▶ [Work to be completed]: Pictures in the listing do not belong in the copy, which should repeat exactly the lines from the one holding "World Centric TPLA" through the last line.

▶ [Extracted material]:
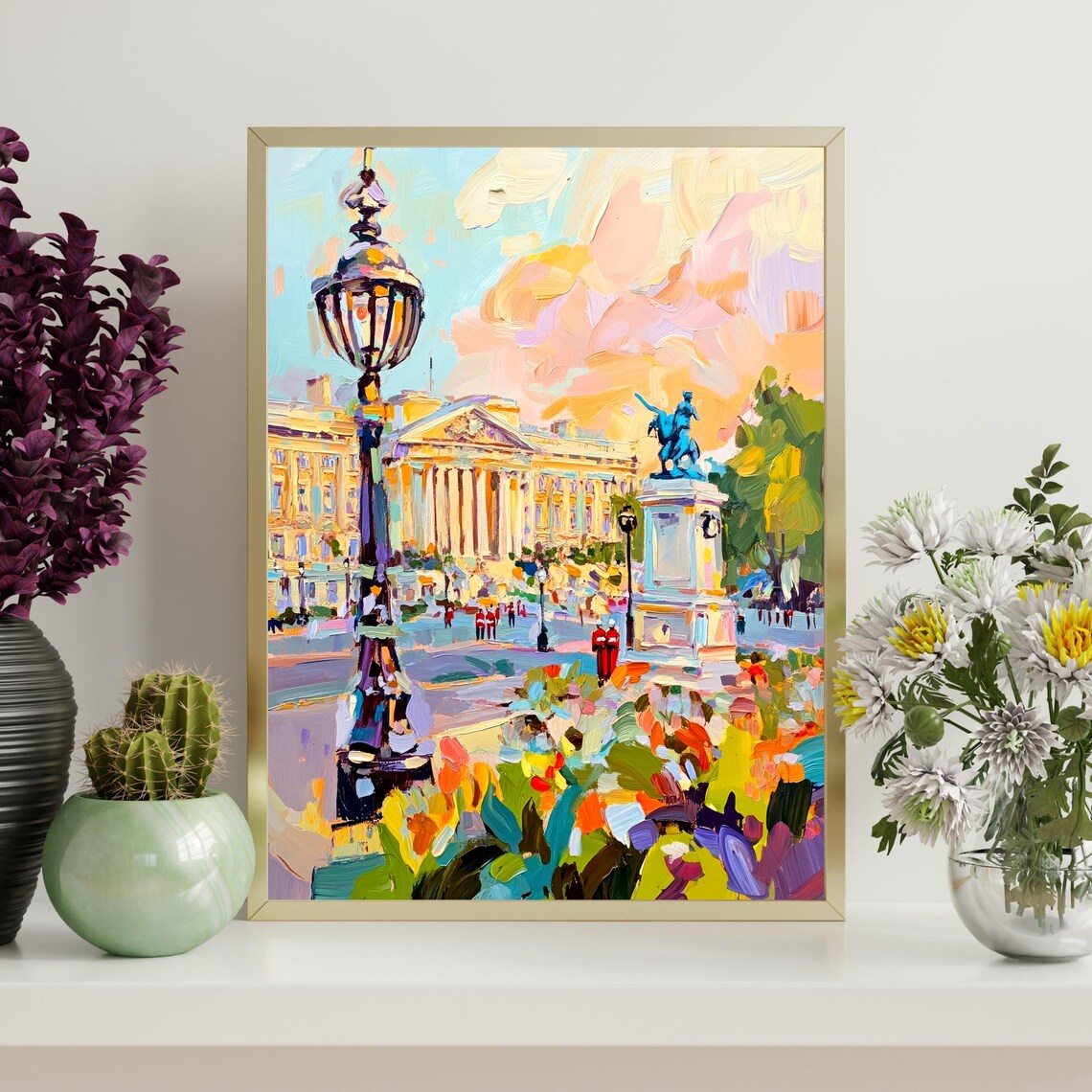 Buckingham Palace London Royal Guards Lamppost Flower Garden Painting Poster - Image 4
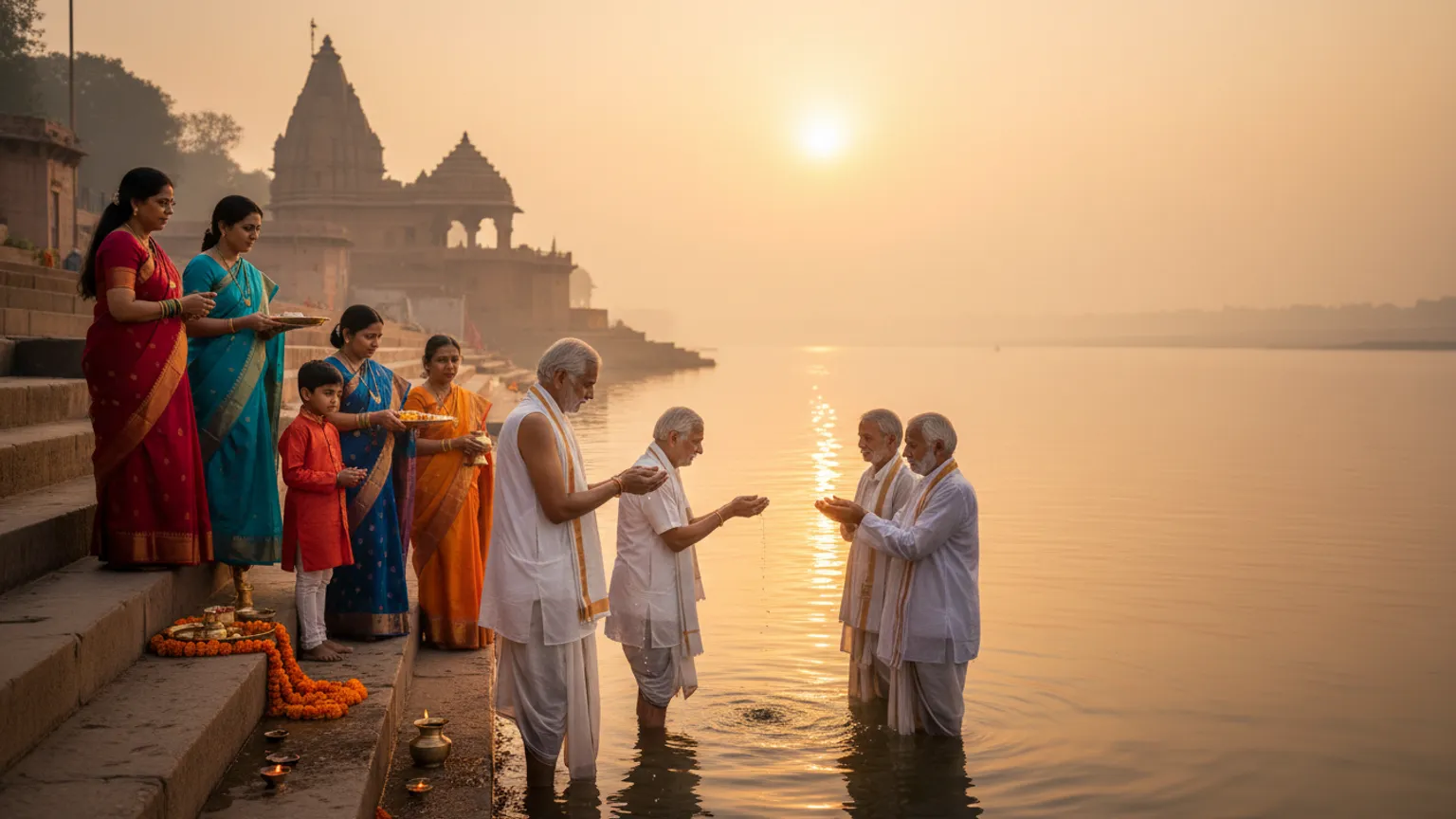 An extended family performing tarpan at a river ghat at dawn on Amavasya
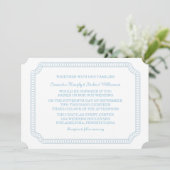 Blue Encirclated Ticket Wedding Einladung (Stehend Vorderseite)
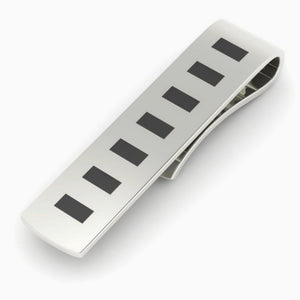 Dashes Black Enamel Sterling Silver Tie Clip by Krysaliis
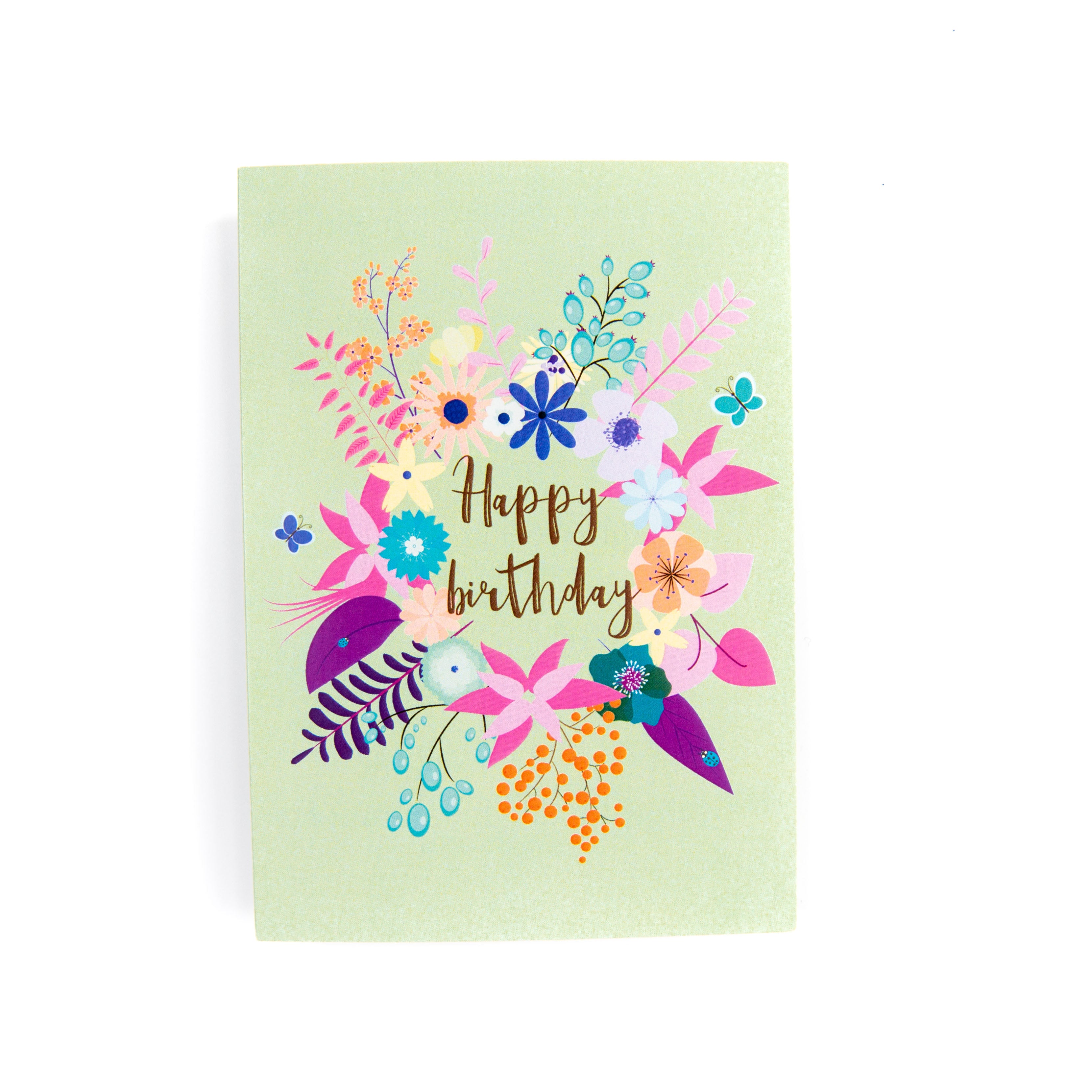 A floral birthday card with a variety of colourful flowers and the text 'Happy birthday' in the centre.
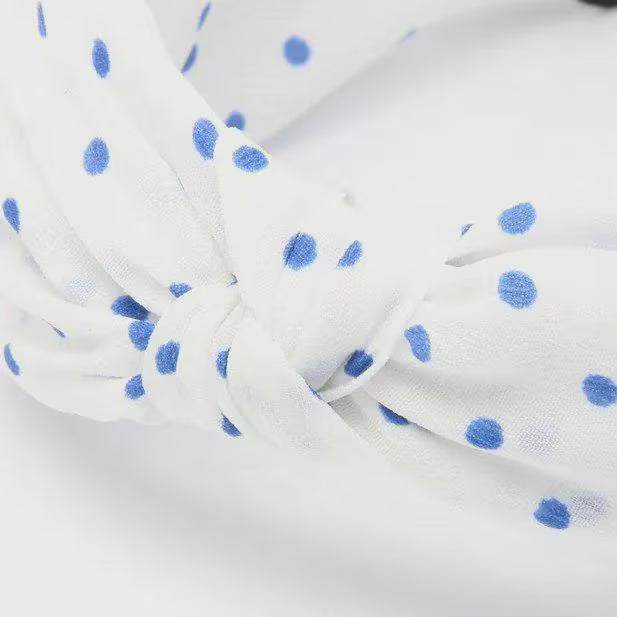 5cm Wide Knotted Top Aliceband – Assorted Blue Prints | Floral & Polka Dot | set of 3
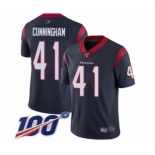 Men's Houston Texans #41 Zach Cunningham Navy Blue Team Color Vapor Untouchable Limited Player 100th Season Football Jersey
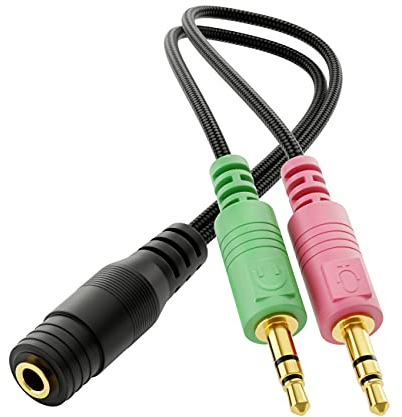 deleyCON Adapter Audio Klinken Y Adapter Kabel Stereo - 1x 3,5mm Klinke Buchse CTIA 4 Polig TRRS auf 2X 3,5mm Klinke Stecker - Smartphone Headset an PC oder Laptop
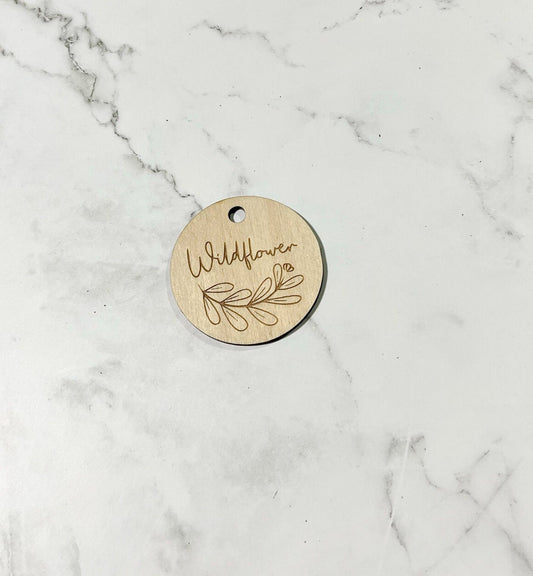 Wildflower Keychain , Inspirational Keychain ,, Custom Bag Tag , Laser Engraved Keychain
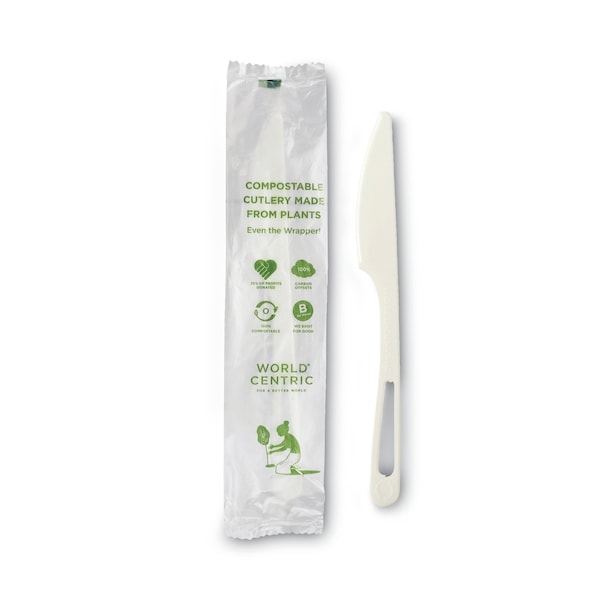 World Centric TPLA Compostable Cutlery, Knife, 6.7", White, PK750, 750PK KN-PS-I - main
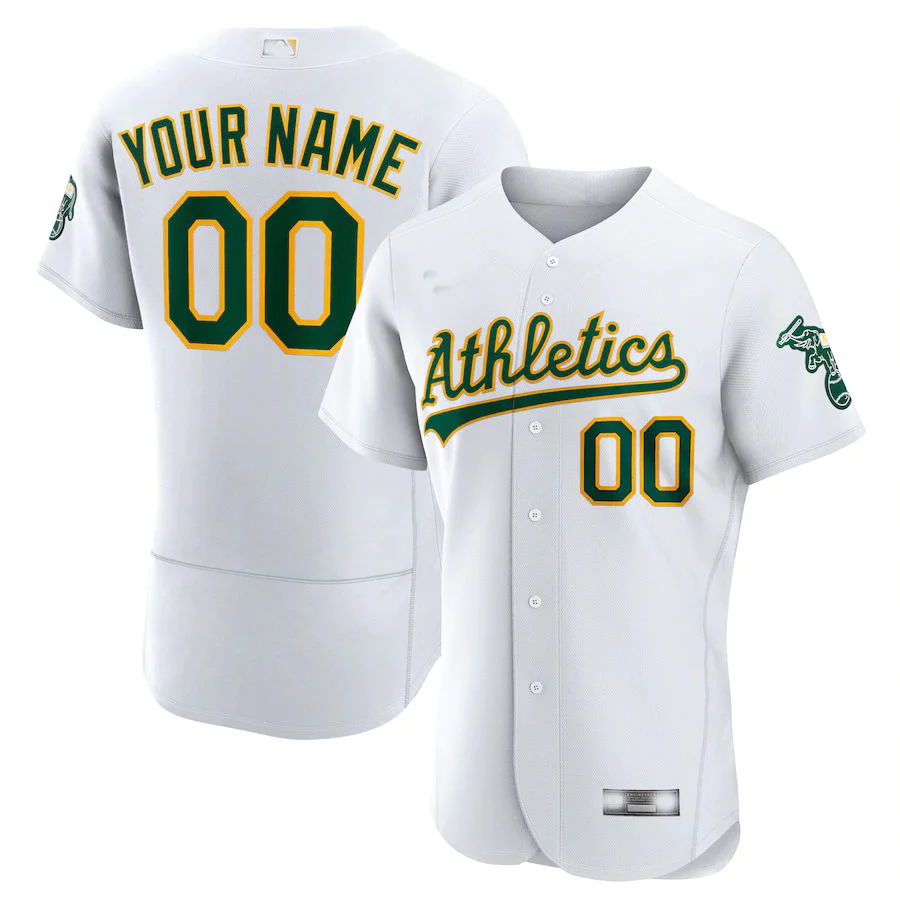 Men's Oakland Athletics White Alternate Authentic Custom Jersey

▶ [Response area]:
 World Centric TPLA Compostable Cutlery, Knife, 6.7", White, PK750, 750PK KN-PS-I - main
 Men's Oakland Athletics White Alternate Authentic Custom Jersey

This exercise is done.